Segment Start: Supplied information

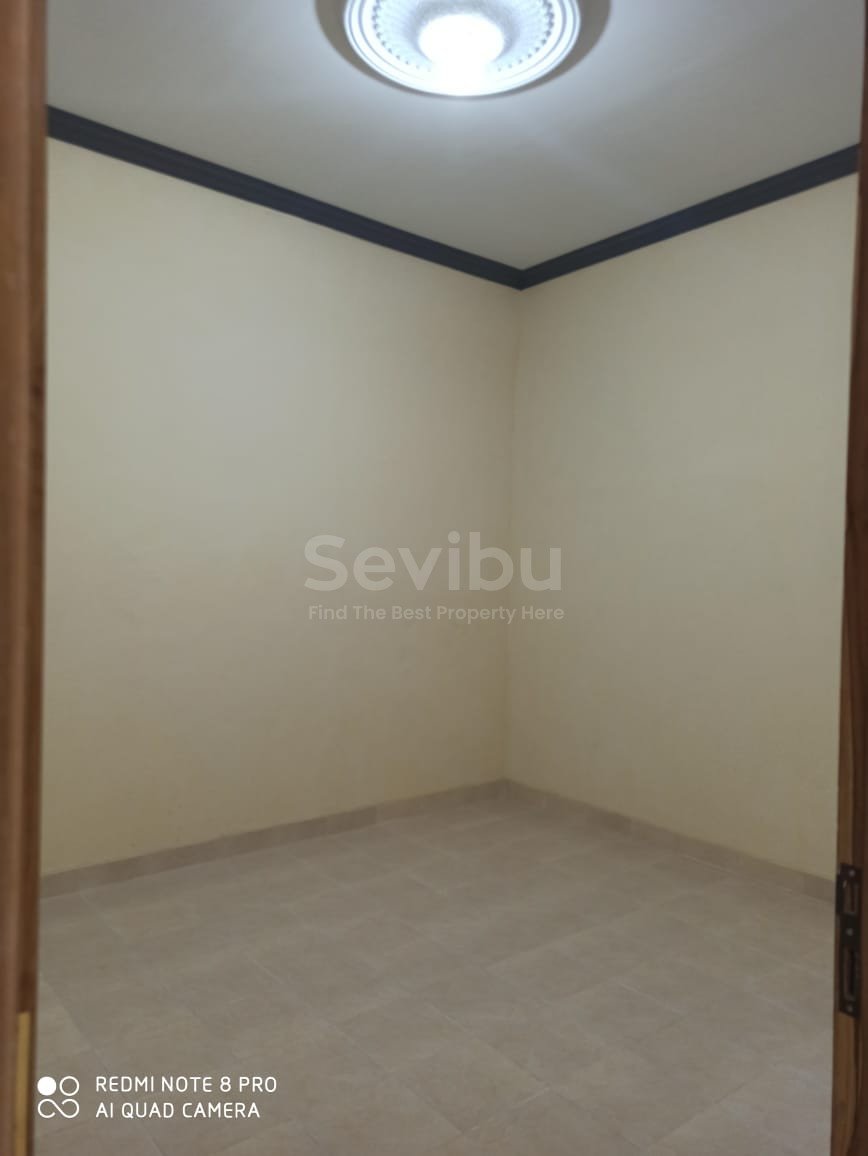 WhatsApp Image 2024-10-14 at 10.17.03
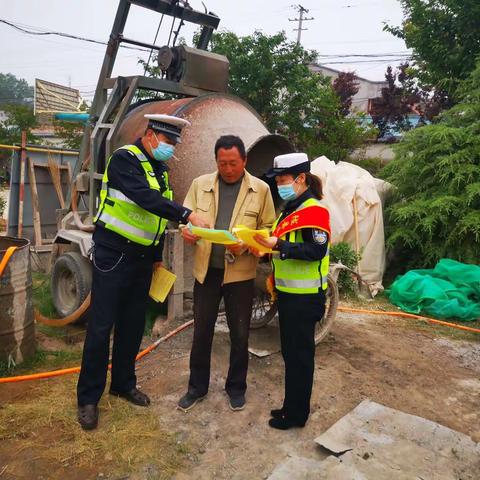 陇县交警走进建筑工地 开展交通安全宣传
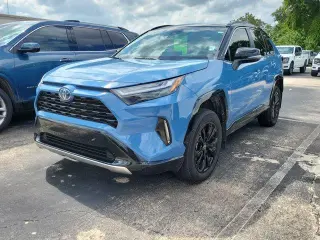 Toyota RAV4 Híbrido 2024 AWD XSE 4dr SUV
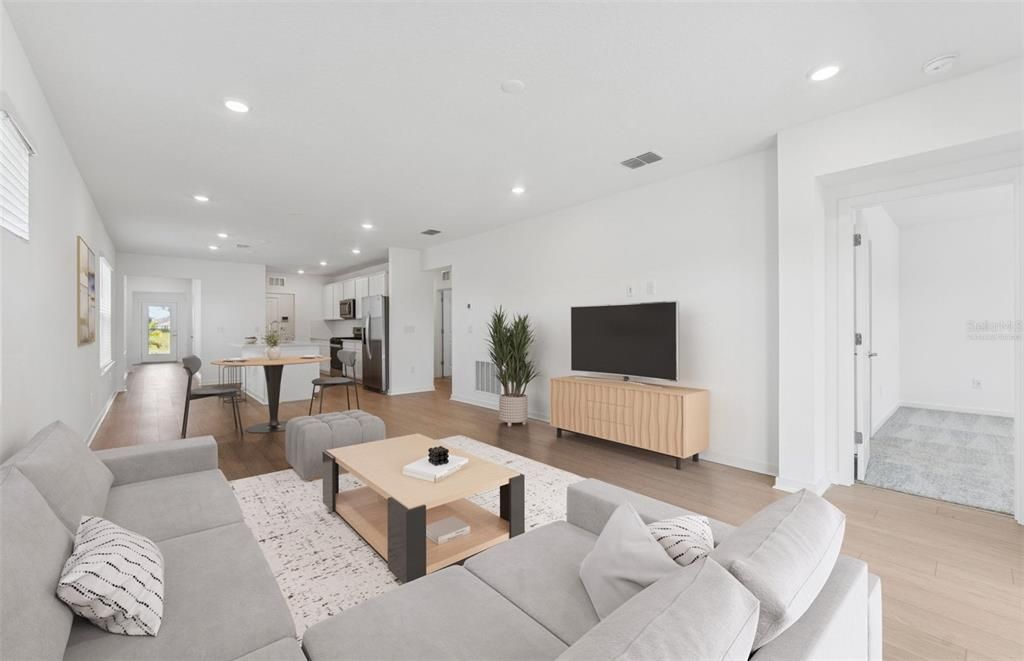 На продажу: $395,290 (3 спален, 2 ванн, 1707 Квадратных фут)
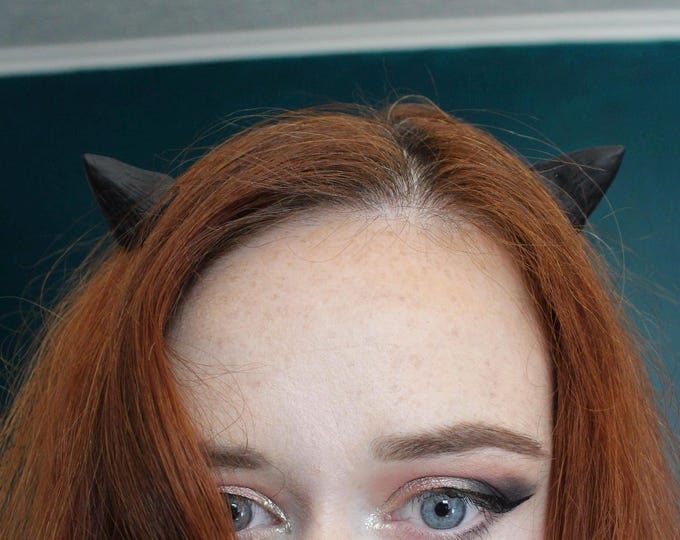 Mini Horns in Black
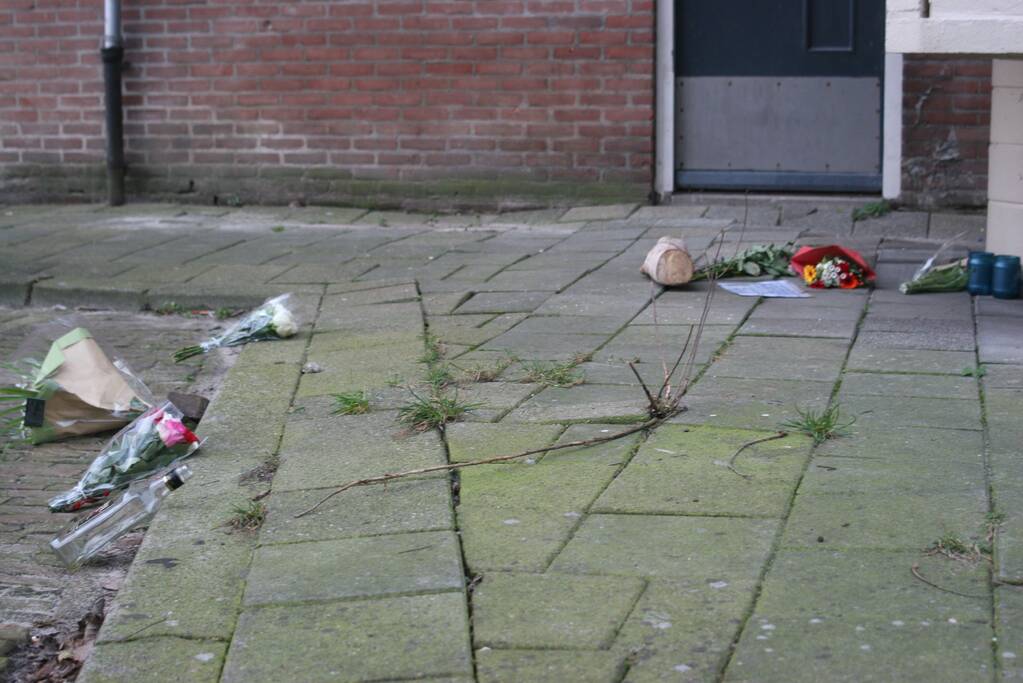 Bloemen voor man die overleed na de val van flat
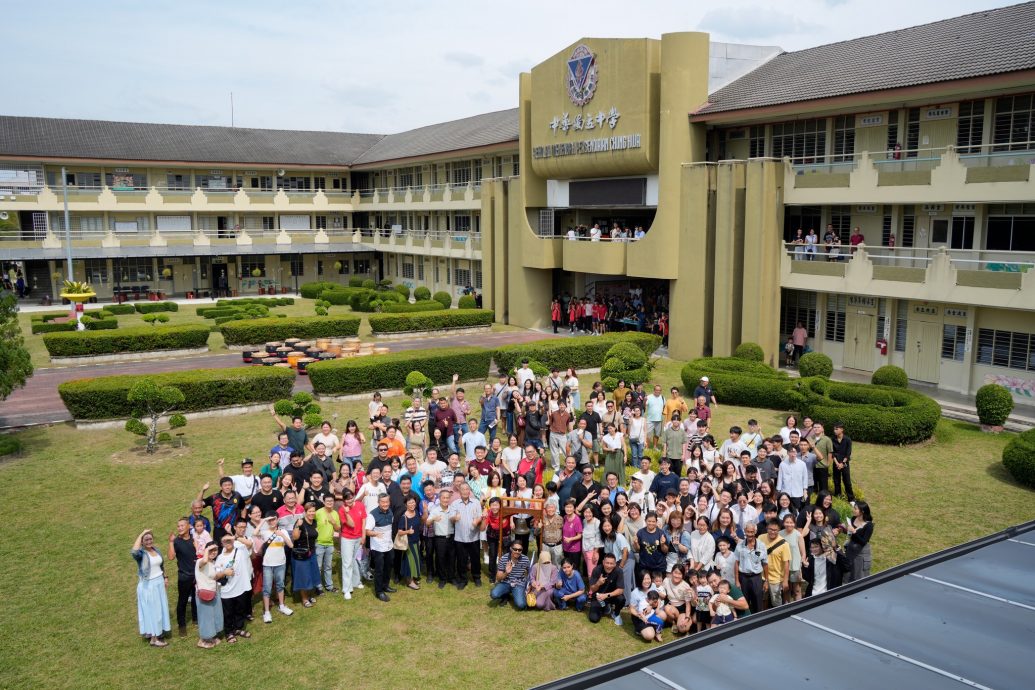 东：吉兰丹中华独中迎来复兴40周年庆典并举办“校友相聚欢”活动，校园里处处洋溢著欢聚、热闹的气息。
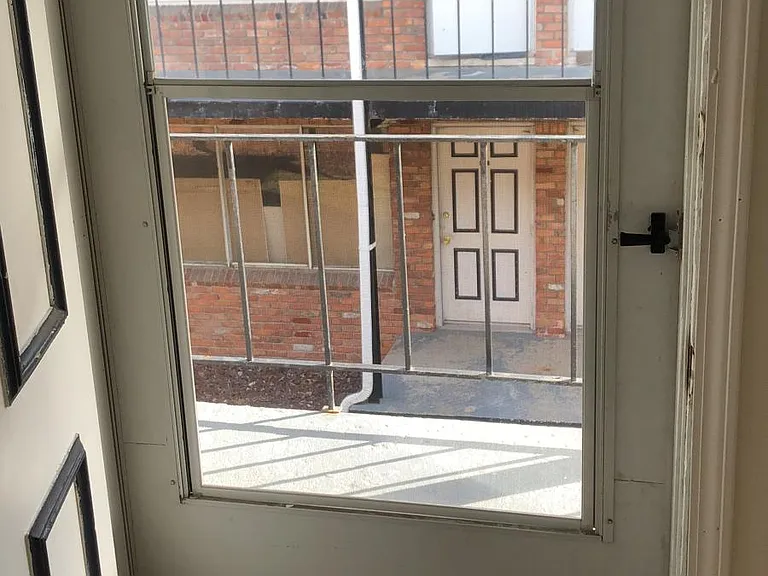 Colonial Manor — Photo 13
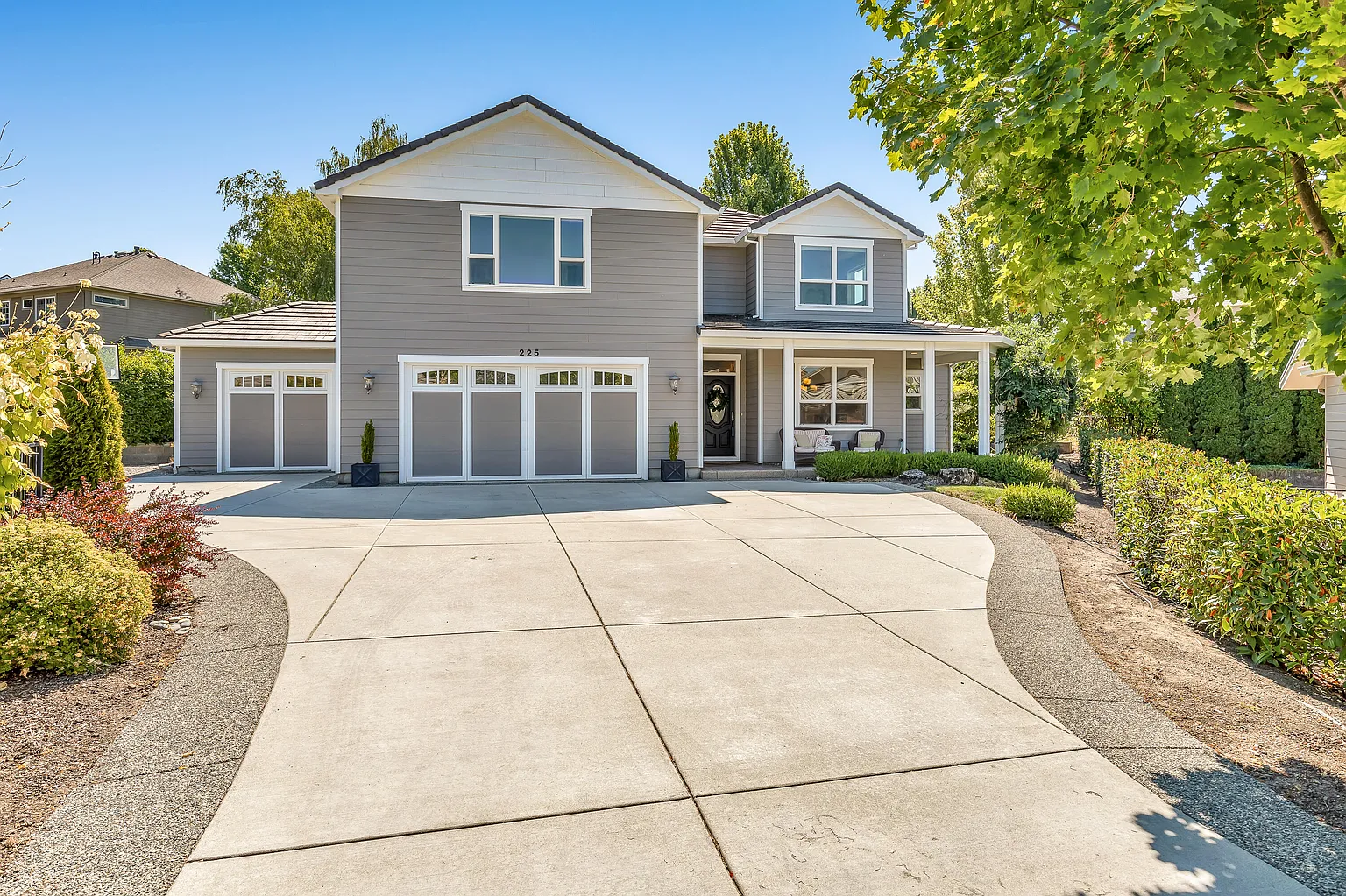 225 Briarwood Ln photo 1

Segment End: Supplied information

Exercise goal
What is needed is a word-for-word copy of the data, minus its pictures.

Exercise output
 WhatsApp Image 2024-10-14 at 10.17.03
 陇县交警走进建筑工地 开展交通安全宣传
 Toyota RAV4 Híbrido 2024 AWD XSE 4dr SUV
 На продажу: $395,290 (3 спален, 2 ванн, 1707 Квадратных фут)
 Mini Horns in Black
 Bloemen voor man die overleed na de val van flat
 东：吉兰丹中华独中迎来复兴40周年庆典并举办“校友相聚欢”活动，校园里处处洋溢著欢聚、热闹的气息。
 Colonial Manor — Photo 13
 225 Briarwood Ln photo 1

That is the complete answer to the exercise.